_INSTRUCTIONS FOR THE TASK_. The result should be an exact copy of the lines from the one with "4tlg 16Inch Natural" through the last line of the data below, both included.

*** Begin section ***

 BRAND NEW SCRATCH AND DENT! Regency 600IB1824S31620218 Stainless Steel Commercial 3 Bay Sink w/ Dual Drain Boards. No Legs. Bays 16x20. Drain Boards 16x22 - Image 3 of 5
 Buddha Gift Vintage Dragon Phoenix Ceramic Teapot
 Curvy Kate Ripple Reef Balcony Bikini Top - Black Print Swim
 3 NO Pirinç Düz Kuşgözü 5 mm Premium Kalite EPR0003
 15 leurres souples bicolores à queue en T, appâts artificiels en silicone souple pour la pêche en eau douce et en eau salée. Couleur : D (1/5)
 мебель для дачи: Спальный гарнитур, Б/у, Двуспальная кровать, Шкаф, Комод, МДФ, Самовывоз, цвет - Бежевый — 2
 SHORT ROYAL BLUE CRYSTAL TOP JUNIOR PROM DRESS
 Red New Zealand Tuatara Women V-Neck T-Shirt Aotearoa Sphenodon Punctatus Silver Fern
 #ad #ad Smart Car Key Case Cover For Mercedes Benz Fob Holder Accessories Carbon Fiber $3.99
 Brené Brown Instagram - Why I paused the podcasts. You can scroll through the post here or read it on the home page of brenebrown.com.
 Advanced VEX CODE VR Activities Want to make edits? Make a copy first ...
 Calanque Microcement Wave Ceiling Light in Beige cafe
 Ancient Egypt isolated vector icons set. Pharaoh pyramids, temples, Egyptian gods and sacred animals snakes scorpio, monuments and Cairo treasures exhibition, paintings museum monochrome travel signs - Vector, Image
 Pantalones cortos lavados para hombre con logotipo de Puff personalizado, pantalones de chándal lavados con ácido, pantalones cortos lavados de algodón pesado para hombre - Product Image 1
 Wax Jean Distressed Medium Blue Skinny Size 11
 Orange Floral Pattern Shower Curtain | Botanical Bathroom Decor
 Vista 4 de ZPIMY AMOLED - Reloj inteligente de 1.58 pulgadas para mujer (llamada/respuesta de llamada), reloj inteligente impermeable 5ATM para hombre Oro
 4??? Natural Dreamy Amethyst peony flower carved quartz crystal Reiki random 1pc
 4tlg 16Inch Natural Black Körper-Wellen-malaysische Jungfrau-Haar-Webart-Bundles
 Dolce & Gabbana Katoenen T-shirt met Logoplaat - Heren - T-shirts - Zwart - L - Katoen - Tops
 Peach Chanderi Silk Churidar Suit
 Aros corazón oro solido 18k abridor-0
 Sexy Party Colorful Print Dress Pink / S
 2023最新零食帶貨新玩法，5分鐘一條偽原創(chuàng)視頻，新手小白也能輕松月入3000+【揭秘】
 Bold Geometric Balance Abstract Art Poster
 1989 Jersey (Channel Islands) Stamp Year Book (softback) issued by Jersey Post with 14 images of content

*** End section ***

_WRITTEN ANSWER_.
 4tlg 16Inch Natural Black Körper-Wellen-malaysische Jungfrau-Haar-Webart-Bundles
 Dolce & Gabbana Katoenen T-shirt met Logoplaat - Heren - T-shirts - Zwart - L - Katoen - Tops
 Peach Chanderi Silk Churidar Suit
 Aros corazón oro solido 18k abridor-0
 Sexy Party Colorful Print Dress Pink / S
 2023最新零食帶貨新玩法，5分鐘一條偽原創(chuàng)視頻，新手小白也能輕松月入3000+【揭秘】
 Bold Geometric Balance Abstract Art Poster
 1989 Jersey (Channel Islands) Stamp Year Book (softback) issued by Jersey Post with 14 images of content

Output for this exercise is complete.